The biggest issue with electronic record keeping – Sani-Matic offers a cloud-based version – is that a lot of plants don’t have the IT infrastructure in place, he said. Within the last five years, though, such systems have become more economical and less intrusive to implement, he added. Once in place, companies can access data from multiple plants directly on a mobile device if so desired.
To keep machines functioning precisely, Downer recommended that dairy processors buy equipment from a company that can come out to a plant once a year or every two years to make sure machines are running properly.

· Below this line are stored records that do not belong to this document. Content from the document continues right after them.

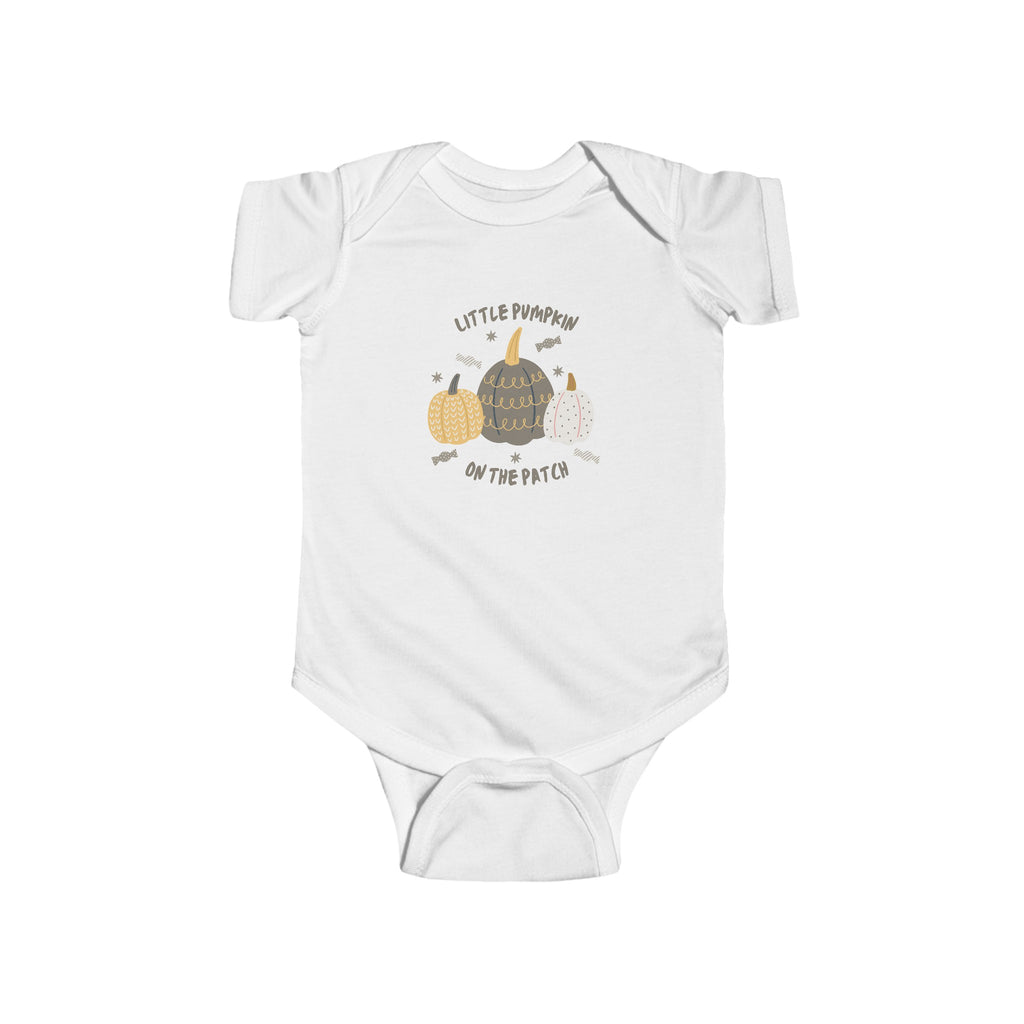 Little Pumpkin On the Patch Baby Onesie White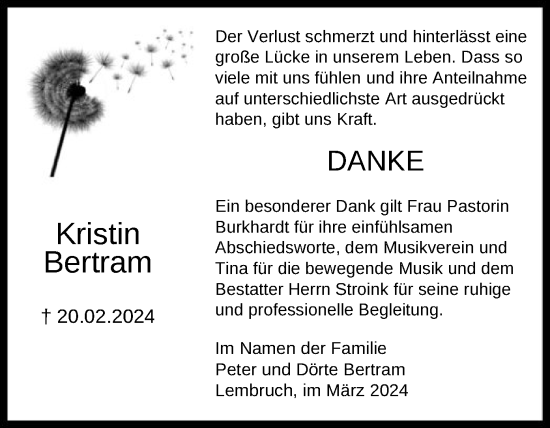 Traueranzeige von Kristin Bertram von SYK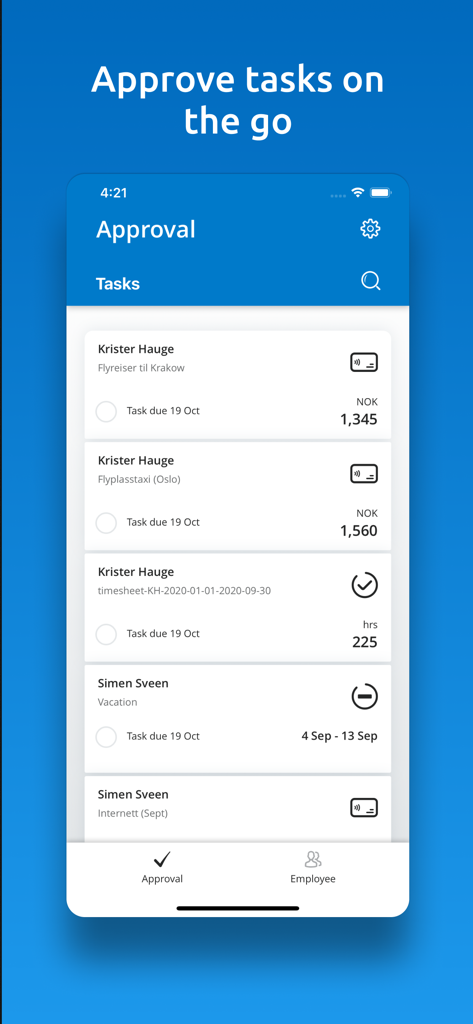 Interfaz de la aplicación móvil Visma Manager que muestra una lista de tareas pendientes de aprobación, incluidos gastos de viaje y solicitudes de vacaciones.
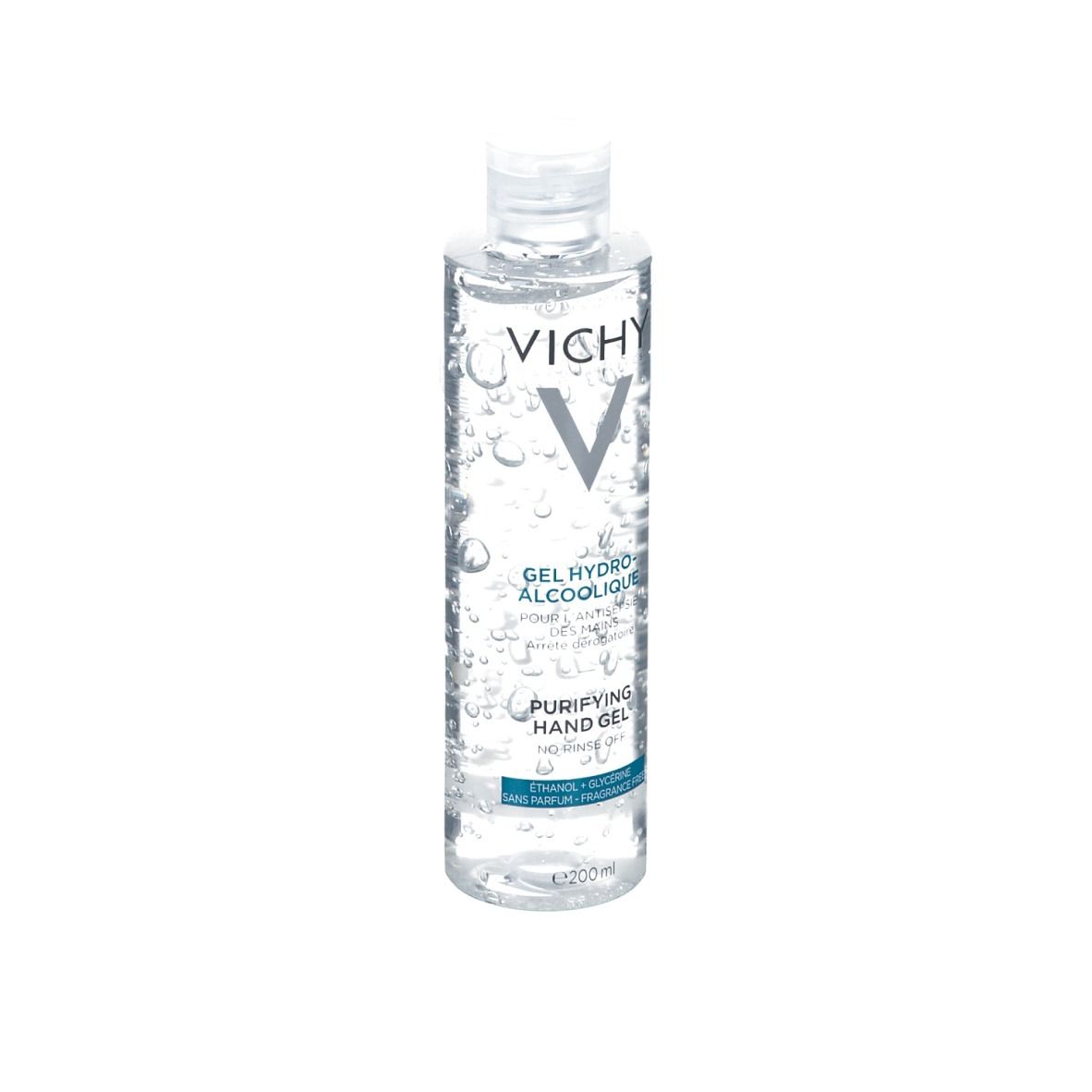 Transparente Flasche mit blau-weißem Etikett. Aufschrift: VICHY, Gel Hydro-Alcoolique, Purifying Hand Gel.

As far as the accidental damaging of parts during sanitation goes, that’s something Sani-Matic has worked on for quite some time. Downer said the damage usually comes during the transporting. For example, parts might need to be put into a bin and dragged across a room, where they’re then dumped into a space for cleaning. He said his company and others offer a cleaning device that has a rack with spots designated for hanging specific parts. The parts never leave the rack as they’re rolled to the washer and back.

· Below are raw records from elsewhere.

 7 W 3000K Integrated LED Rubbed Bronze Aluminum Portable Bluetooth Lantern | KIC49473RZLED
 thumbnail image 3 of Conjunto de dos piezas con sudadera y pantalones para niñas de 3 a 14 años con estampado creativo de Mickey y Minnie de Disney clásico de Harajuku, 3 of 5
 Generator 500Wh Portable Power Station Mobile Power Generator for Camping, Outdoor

“That’s what we found is probably the most effective, because you can’t avoid taking the machine apart,” Downer said. “You can’t clean it effectively there in place. But what you need to do is have something that’s protecting the part, holding the part while it’s being transported. cleaned and then transported again.”
Future of sanitation
Collaboration and partnership are key to advancing food safety, Szewczyk said.
“It is important to work with a team of experts in all areas of plant production, such as engineering, technology, chemical expertise and sanitation to help enhance the overall function of the facility to ensure product quality,” he said, adding that PSSI continually employs new products and methods, as well as proven procedures and labor, to help mitigate environmental concerns and protect partners’ products.
In the future, Downer thinks a growing number of plants will be built around automation. Additionally, he foresees some decentralization within the industry, with the logistical and transportation issues encountered within supply chains in the past couple of years.
“We may go back to having a few plants that make that product instead of one or two,” he said, explaining it can become a systemic problem if just one plant is producing a certain product.
And during the rest of this decade, Downer expects dairy processors will continue to seek automation, trying to make operations as automatic as possible.
With computers handling record keeping, a plant manager can be at the mall with her or his kids and easily keep up with what’s going on.
“We just haven’t adopted technology to the world we live in as well as a lot of other industries have,” Downer said.